高橋さんは、昭和58年5月16日から昭和60年6月30日まで鹿島支所長として赴任されました。私は、昭和59年3月1日から昭和61年3月30日まで、鹿島支所第一宇宙通信研究室(一研)室長として赴任しましたので、また、1年3か月ほどご指導を仰ぐことになりました。当時の鹿島一研は、ECSの二度にわたる打ち上げ失敗が響いて、衛星通信ではなく、残された地上施設を有効利用したリモートセンシングの研究に舵を切っていました。高橋さんは、研究予算の乏しい一研のことを親身になって考えてくださり、上司としてアドバイスするだけでなく、実際の実験にも参加してくださいました。

その様子を以前、「パラボラとともに」という文集に書いた記事から引用してみます。

『…..一研の所有している施設や鹿島支所内で使われないで眠っている施設を可能な限り利用してリモートセンシングの実験をなんでも手がけることにしました。最初に全員でやったのは、降雨レーダのシークラッタモードを利用した海面波浪状況の一か月にわたる連続観測でした。本所よりウェーブライダを借りてきて、これを海面に浮かべて波高データを連続収集すると共に、降雨レーダの海面散乱波の強度とドップラスペクトルの連続収集を行い、波高と海面散乱波の強度およびドップラスペクトルの相関を観測しました。当時の高橋支所長を初め、岡本、福地、峯野、奥山が漁船に乗って荒れた鹿島灘に乗り出し全員が船酔いになってゲーゲー吐きながら、ウェーブライダを設置したことは今となっては楽しい思い出になりました。……』

一研のメンバー全員が驚いたのは、高橋支所長が率先して荒れた鹿島灘にウェーブライダを設置する実作業に協力してくださったことでした。衛星通信部第三衛星通信研究室長時代に、衛星利用捜索救難通信システム(Search and Rescue:SAR)の研究をされたときに、非常用位置指示無線標識(Emergency Position Indicating Radio Beacon: EPIRB )の海上実験のために、ウェーブライダを設置する実験に従事されたことがあったのかもしれません。

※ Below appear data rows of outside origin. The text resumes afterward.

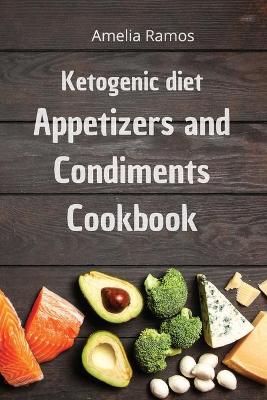 Cover of Ketogenic Diet Appetizers and Condiments Cookbook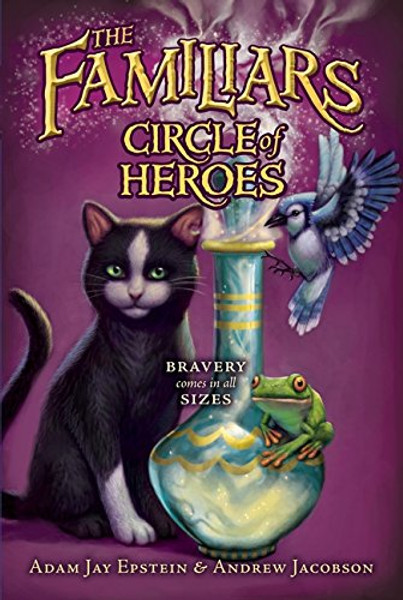 Circle of Heroes (Familiars)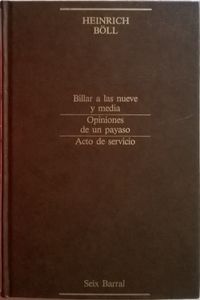 Billar A Las Nueve Y Media / Opiniones De Un Payaso / Acto De Servicio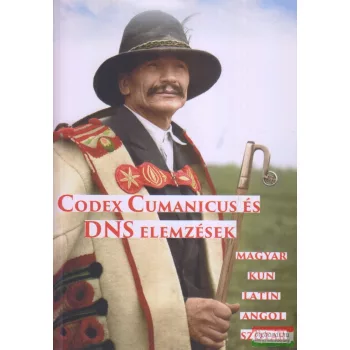 P. Szücs Sándor - Codex Cumanicus és DNS elemzések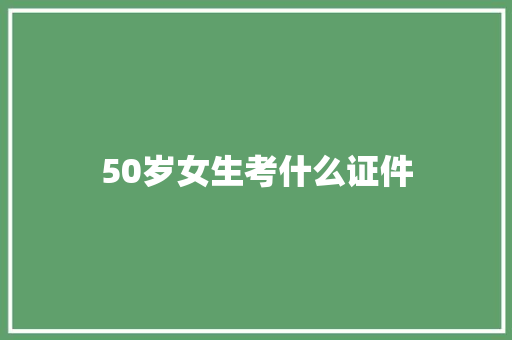 50岁女生考什么证件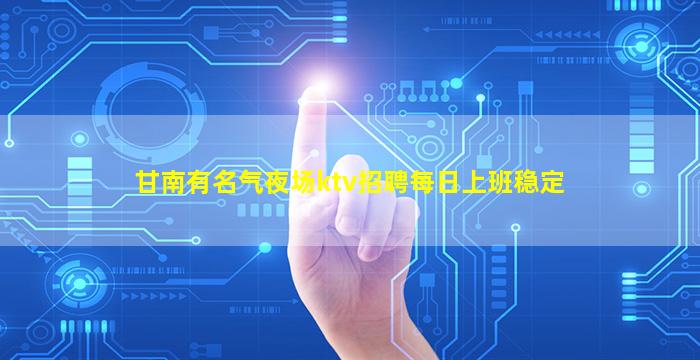 甘南有名气夜场ktv招聘每日上班稳定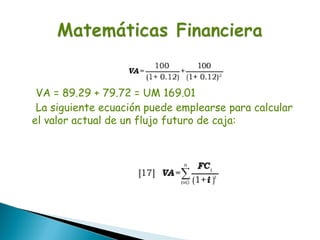 VA = 89.29 + 79.72 = UM 169.01
 La siguiente ecuación puede emplearse para calcular
el valor actual de un flujo futuro de caja:
 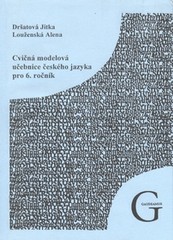 Cvičná modelová učebnice českého jazyka pro 6. ročník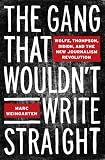 The Gang That Wouldnt Write Straight: Wolfe, Thompson, Didion, and the New Journalism Revolution
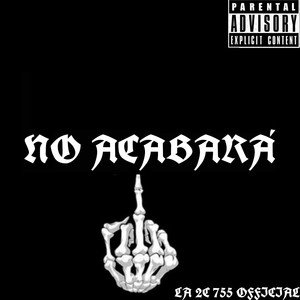 No Acabará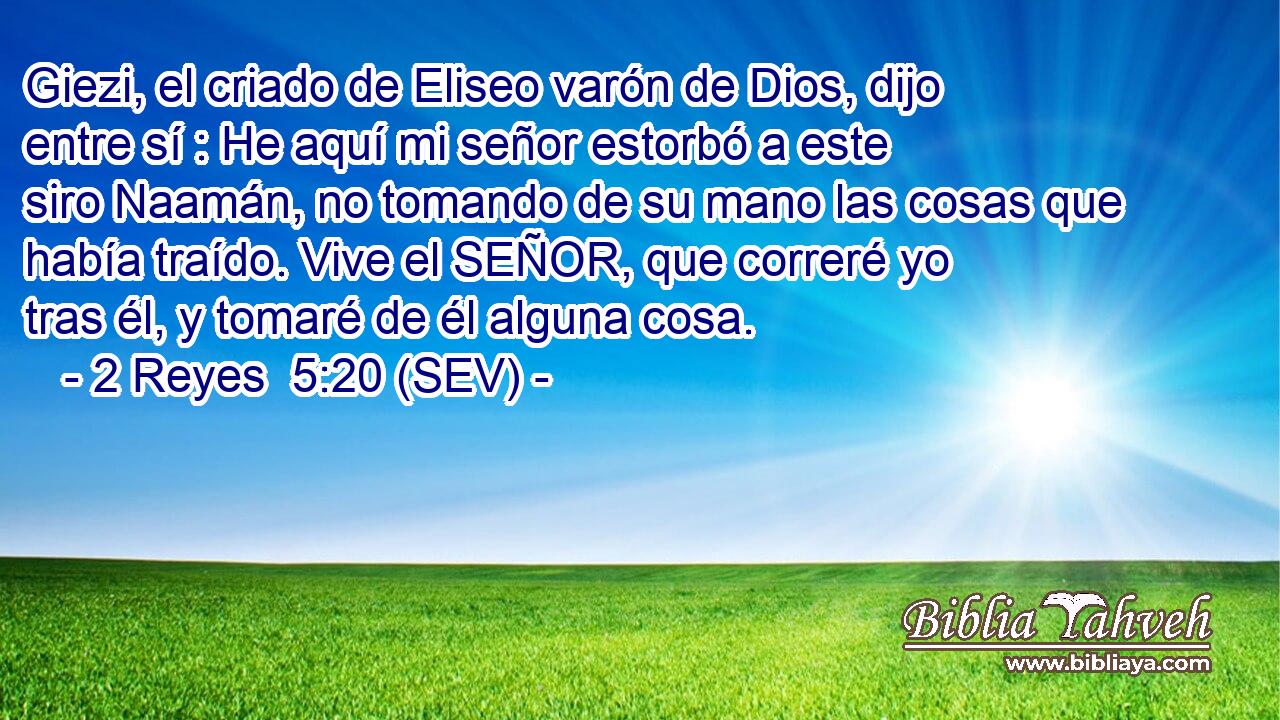 Giezi, el criado de Eliseo varón de Dios, dijo entre sí : He aquí mi señor estorbó a este siro Naamán, no tomando de su mano las cosas que había traído. Vive el SEÑOR, que correré yo tras él, y tomaré de él alguna cosa.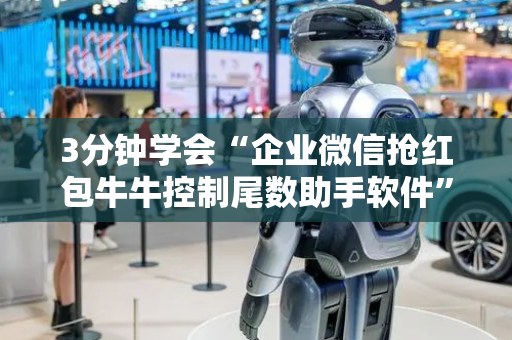 3分钟学会“企业微信抢红包牛牛控制尾数助手软件”（详细透视教程）-哔哩哔哩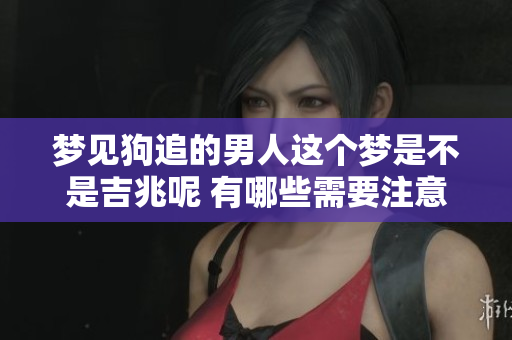 梦见狗追的男人这个梦是不是吉兆呢 有哪些需要注意的地方呢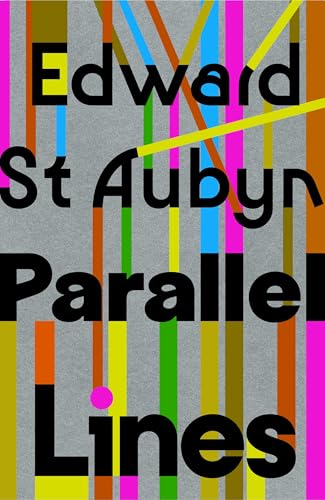 Parallel Lines: From The Booker Shortlisted Author Of The Patrick Melrose Series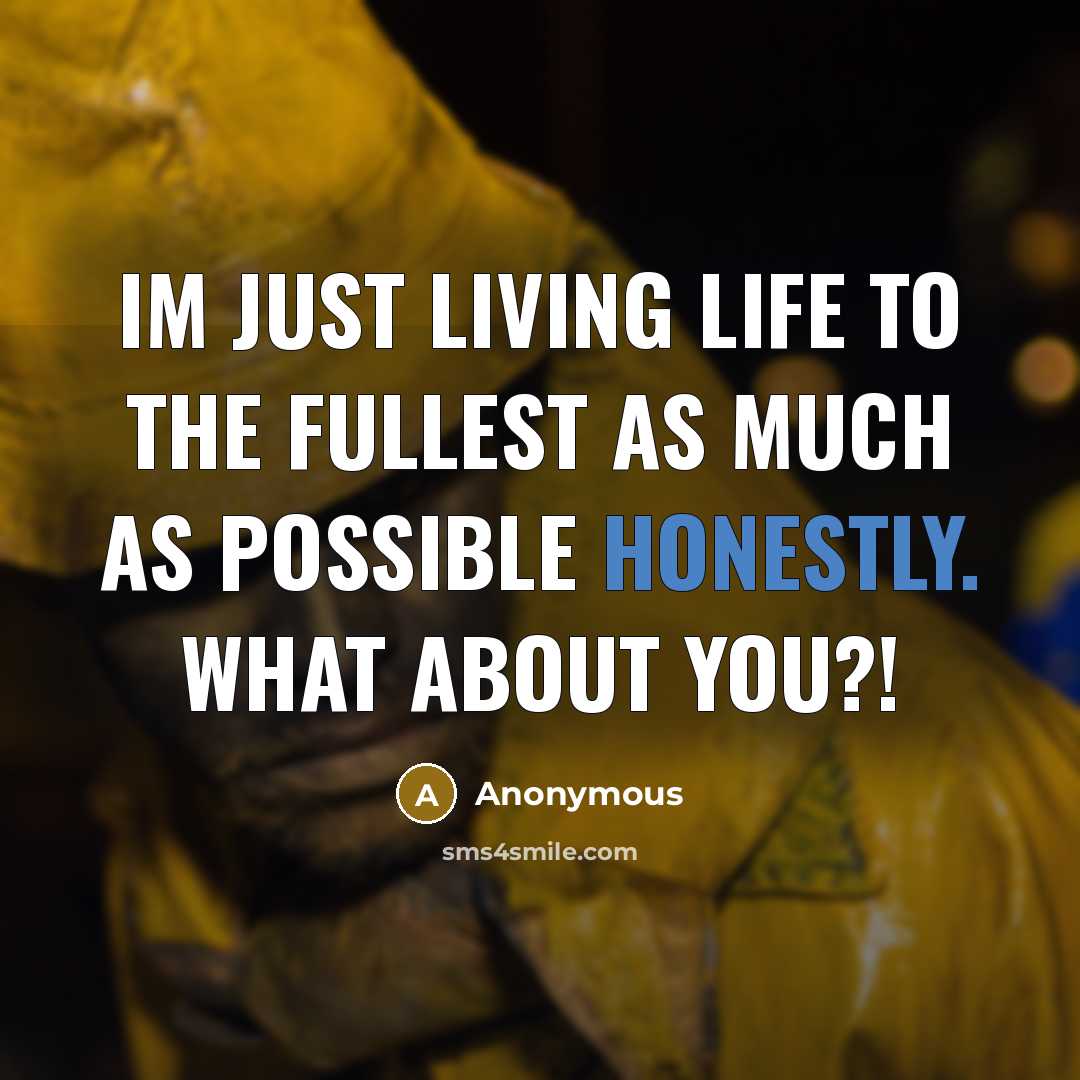 “Im just living life to the fullest as much as possible honestly. What about you?!” quote by Anonymous
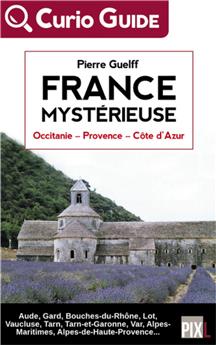 FRANCE MYSTERIEUSE - OCCITANIE, PROVENCE, COTE D´AZUR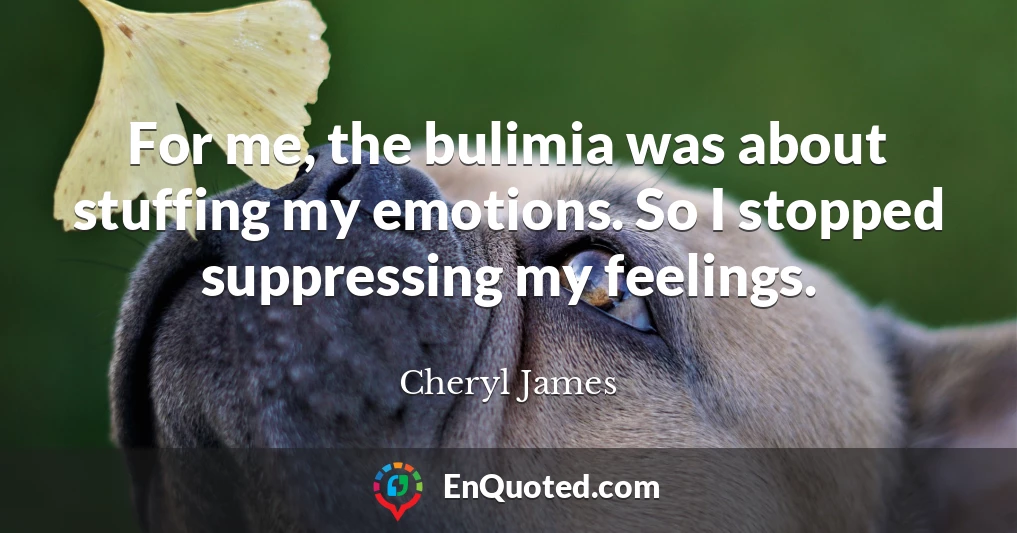 For me, the bulimia was about stuffing my emotions. So I stopped suppressing my feelings.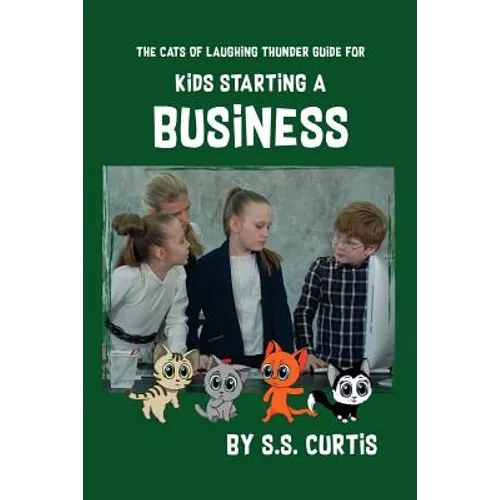 Guide for Kids Starting a Business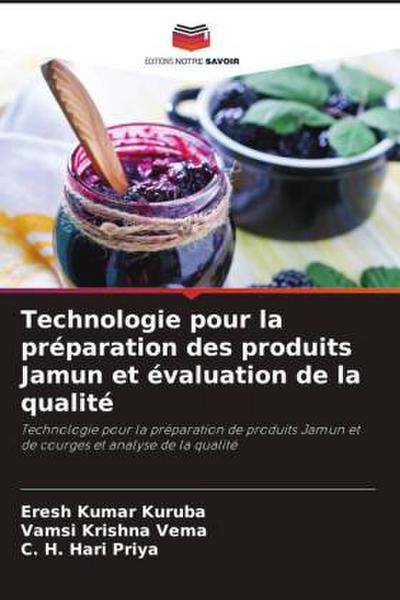 Technologie pour la préparation des produits Jamun et évaluation de la qualité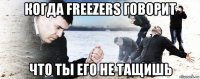 когда freezers говорит что ты его не тащишь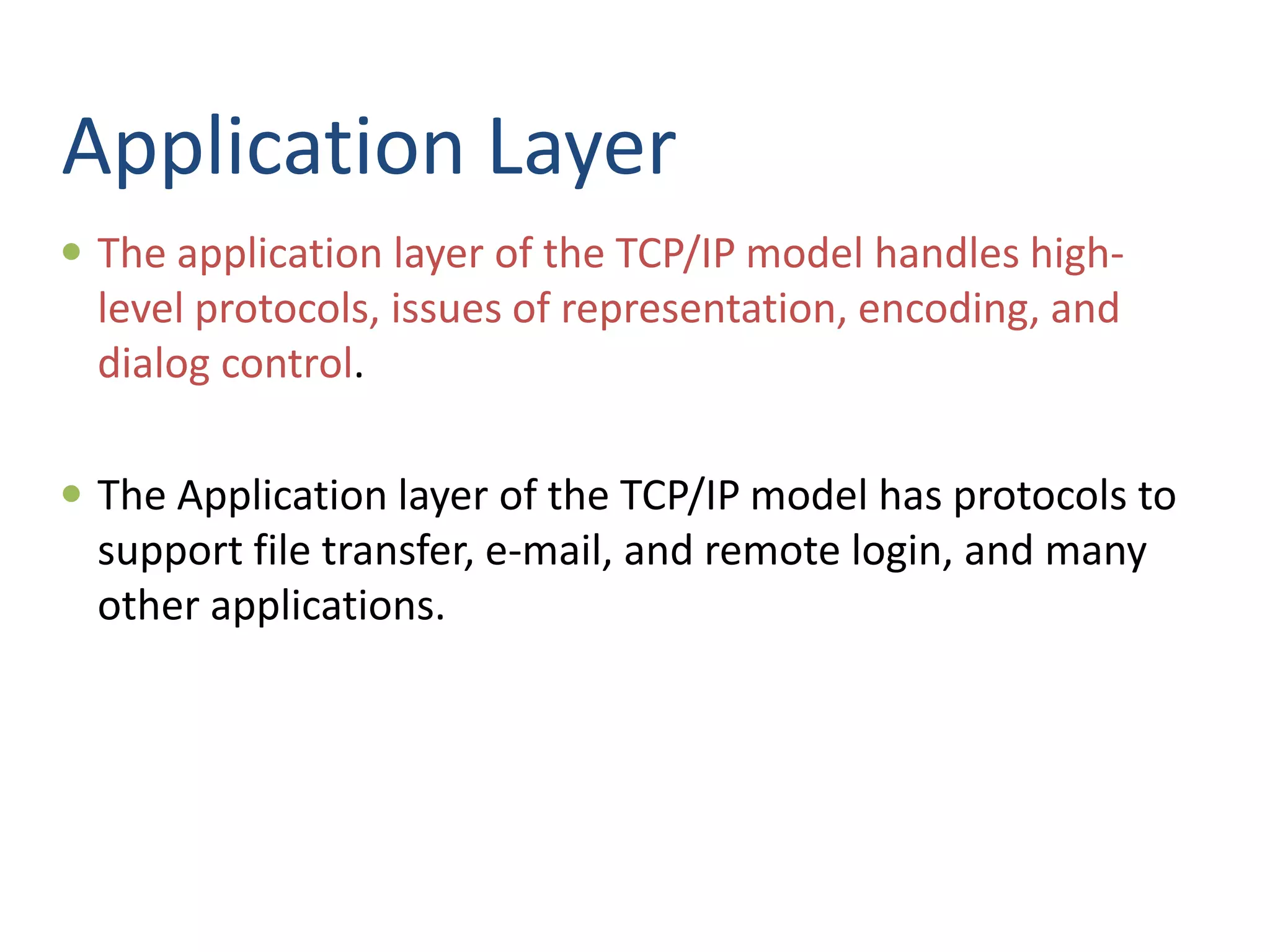 Application Layer
 The application layer of the TCP/IP model handles high-
level protocols, issues of representation, encoding, and
dialog control.
 The Application layer of the TCP/IP model has protocols to
support file transfer, e-mail, and remote login, and many
other applications.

高橋さんの手際の良い指揮によって、うまくウェーブライダを設置することができました。

NASAのSIR-B(Shuttle Imaging Radar-B) 実験は、昭和59年10月に打ち上げられたスペースシャトル チャレンジャーに搭載された合成開口レーダ(Synthetic Aperture Radar = SAR) によって地球環境を観測する8.3日間のミッションでした。通信総合研究所からも、企画部第一課長だった畚野さんをP.I.(研究代表者)として、地上実験の提案書を提出し、採択されました。亡くなられた藤田正晴さんが、担当されたSARの較正実験では、メインサイトの秋田空港の他にも鹿島の海岸に近い広い土地にコーナーリフレクタを並べてSIR-Bの飛んでくるのを待っていましたが、SARのアンテナトラブルで観測することはできませんでした。重いコーナーリフレクターを沢山実験サイトに並べ、SARの軌道を考慮して、仰角、方位角を調整するのは、人数の少ない一研メンバーだけでは重労働でしたが、支所長の高橋さんが率先して重労働を共に引きうけてくださいました。そのときの写真を示します。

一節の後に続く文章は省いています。